Les enfants de la princesse Grace de Monaco ont critiqué vendredi le film du réalisateur français Olivier Dahan consacré à leur mère, qui sera présenté en ouverture du 67e Festival de Cannes, estimant qu'il s'agissait d'«un détournement» de l'histoire familiale «à des fins purement commerciales».

ar AFP Céline AGNIEL

MONACO - Leurs parents se sont rencontrés au festival de Cannes, mais les enfants de Grace Kelly le boycotteront cette année, ulcérés par le film sur la princesse de Monaco, un «détournement» de l'Histoire «à des fins purement commerciales» selon eux.

Albert II, Caroline et Stéphanie n'en démordent pas: «Grace de Monaco», le film du réalisateur français Olivier Dahan qui sera projeté à l'ouverture du 67e Festival de Cannes en avant-première mondiale (mais hors compétition), «ne peut en aucun cas être qualifié de biopic», estiment les enfants de l'ancienne actrice américaine.

Tous trois fustigent par voie de communiqué une «bande-annonce fantaisiste» qui «renforce la conviction laissée lors de la lecture du scénario qu'il s'agit d'une production, d'une page de l'histoire de la Principauté, basée sur des références historiques erronées et littéraires douteuses».

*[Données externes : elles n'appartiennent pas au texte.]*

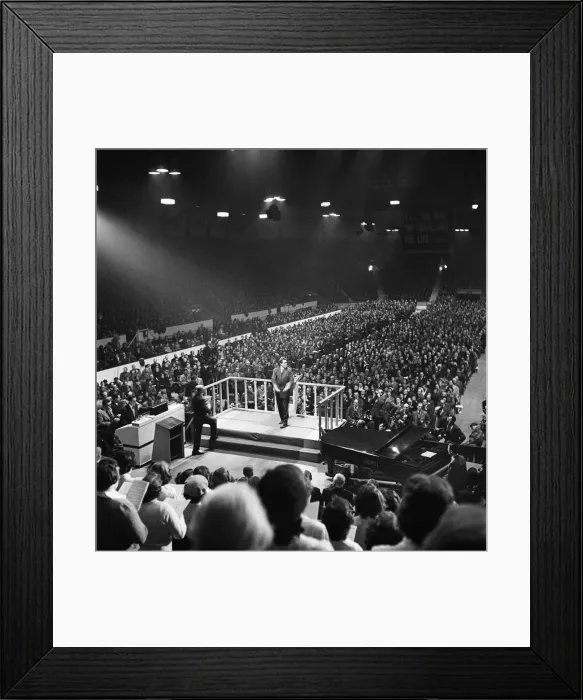Framed Print : American evangelist Billy Graham speaks to the crowd at the Harringay Arena in North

Les enfants de la princesse, décédée le 14 septembre 1982 dans un accident de voiture au-dessus de Monaco, assurent que «le réalisateur et les producteurs (ont) refusé de prendre en considération les très nombreuses observations formulées par le Palais qui auraient eu pour conséquence une remise en question globale du scénario et des personnages».

En conséquence, la famille princière, qui assiste certaines années au Festival de Cannes, ne sera pas présente à son ouverture le 14 mai.

La famille ne souhaite «en aucune manière être associée à ce film (...) et regrette que son Histoire ait fait l'objet d'un détournement à des fins purement commerciales».

Les enfants de Grace s'étaient déjà insurgés en janvier 2013, estimant que le film qui était alors en préparation relatait une page de l'Histoire de la principauté «inutilement ''glamourisée''.»

Pas un travail d'historien, mais d'artiste»

C'est lors de la 55e édition du Festival de Cannes que se rencontrèrent le prince Rainier III et Grace Kelly, venue y présenter Le crime était presque parfait d'Alfred Hitchcock.

Le film d'Olivier Dahan est centré sur cette période de la vie de l'actrice américaine qui est au faîte de sa gloire lorsqu'elle épouse Rainier en 1956, mettant un point final à sa carrière. Six ans plus tard, alors qu'elle peine à assumer ses fonctions princières, Alfred Hitchcock lui propose de revenir à Hollywood pour jouer dans son nouveau film, Pas de printemps pour Marnie. Une offre qu'elle finit par repousser. Au même moment, la France dirigée par le Général de Gaulle menace d'annexer la Principauté.

Pour le réalisateur de La Môme -autre biopic consacré à Edith Piaf et sorti en 2007-, la réaction de la famille princière «est un peu disproportionnée».

«C'est un sujet délicat, voire douloureux», estime Olivier Dahan, interrogé par Le Parisien Magazine publié cette semaine, mais il les invite à voir le film pour constater «qu'il n'y a rien de méchant». «J'ai lu que nous avions refusé de leur projeter, c'est faux», assure-t-il.

Selon lui, la famille a eu accès à «plusieurs versions» du scénario et «proposé quelques modifications», dont «certaines», ont été acceptées.

«Le ressentiment anti-français que le film exacerberait, je ne peux rien y faire. L'intrigue se déroule en 1962, au moment de la crise diplomatique entre le Rocher et Charles de Gaulle, qui voulait récupérer les taxes des entreprises hexagonales implantées là-bas. De toute façon, je revendique le droit de faire un film de fiction. Ce n'est pas un travail d'historien, mais d'artiste», assène Olivier Dahan.

Les organisateurs du Festival de Cannes, eux, défendent le «droit à la licence poétique».

«Le film n'est pas un biopic au sens strict du terme, de la vie à la mort» et «contribuera certainement de belle manière à la légende monégasque», a réagi de son côté le délégué général du festival Thierry Frémaux, interrogé par l'AFP.

Le long-métrage, avec l'Australienne Nicole Kidman dans le rôle-titre, a également fait l'objet d'un conflit artistique entre son réalisateur et son producteur américain Harvey Weinstein sur son montage final.

Grace de Monaco, au générique duquel figurent Tim Roth (qui joue Rainier), Jeanne Balibar ou encore Paz Vega (Maria Callas), doit sortir en France et dans d'autres pays le jour de sa projection à Cannes.